H. Merkezi: İstanbul’da 16 Mart günü sabah saatlerinde polis tarafından yapılan ev baskınlarında gözaltına alınan Özgürlükçü Hukukçular Derneği (ÖHD) üyesi 7 avukatın da aralarında bulunduğu 27 kişi dün gece mahkemeye çıkarıldı; savunma yapmayacaklarını belirten avukatlar, “Yaptığımız her şeyi sahipleniyoruz. Cezaevi ile terbiye olmayacağız” dediler.
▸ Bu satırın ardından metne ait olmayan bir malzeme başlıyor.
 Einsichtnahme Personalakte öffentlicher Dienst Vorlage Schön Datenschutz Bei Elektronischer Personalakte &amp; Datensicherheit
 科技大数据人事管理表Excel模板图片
İstanbul’da 16 Mart Çarşamba günü 16 ilçede 32 adrese yapılan baskınla aralarında Özgürlükçü Hukukçular Derneği (ÖHD) üyesi 9 avukatın da bulunduğu 31 kişi gözaltına alınmıştı. Dün, savcılık işlemlerinin ardından gözaltına alınan ÖHD’li avukatlardan Mustafa Rüzgar, İrfan Arasan ve İlkin Bulut ile Ahmet Kapçan adlı kişiler sorgu hakimliğinden adli kontrol isteminin reddiyle serbest bırakıldı.
Dün gece ise ÖHD’li İrfan Arasan, Ayşe Acinikli, Hüseyin Boğatekin, Şefik Çelik, Adem Çalışçı, Ayşe Başar, Tamer Doğan ve Ramazan Demir’in sevk edildikleri nöbetçi mahkemede duruşması görüldü. İstanbul Adalet Sarayı’nda görülen duruşmada, ÖHD ve Çağdaş Hukukçular Derneği (ÇHD) üyelerinin yanı sıra CHP’li Sezgin Tanrıkulu, HDP İstanbul Milletvekili Filiz Kerestecioğlu, HDP eski milletvekili Hasip Kaplan, T. Kürdistanı’ndaki baro başkanları ve meslektaşları hazır bulundu.
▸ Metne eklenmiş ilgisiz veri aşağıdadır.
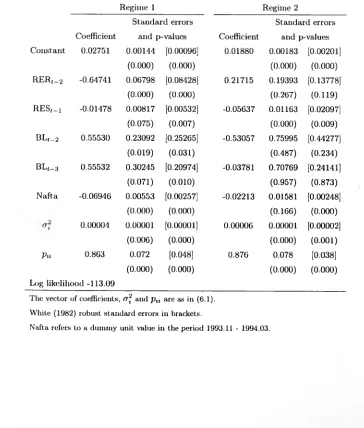 Table 3.6: Estimates of Markov-switching regression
“Başvurularımız devleti rahatsız etti”
Kimlik tespitinin ardından savunmaya geçen avukatlar, savunmaya geçti. Mahkemede ilk savunmayı avukat Ramazan Demir yaptı. Sokağa çıkma yasağı sırasında yaralanan ve bodrum katlarında mahsur kalanlar için Avrupa İnsan Hakları Mahkemesi’ne başvuruda bulunan Demir, “Bu başvurularımız devleti rahatsız etti. Ancak yine olsa yine yaparım” dedi. Kendi aralarında telefon görüşmelerinde yaptıkları maç sohbetlerinin şifreli konuşma sayılıp kendilerine sorulduğunu söyleyen Demir, “Bize isnat edilen suçlamalar bizim için şereftir. Yüz akıdır. KCK ile ilgili davalara ilişkin avukatlık faaliyetlerimiz soruldu. Doğrudur. Yine olsa yine yaparım” diye konuştu.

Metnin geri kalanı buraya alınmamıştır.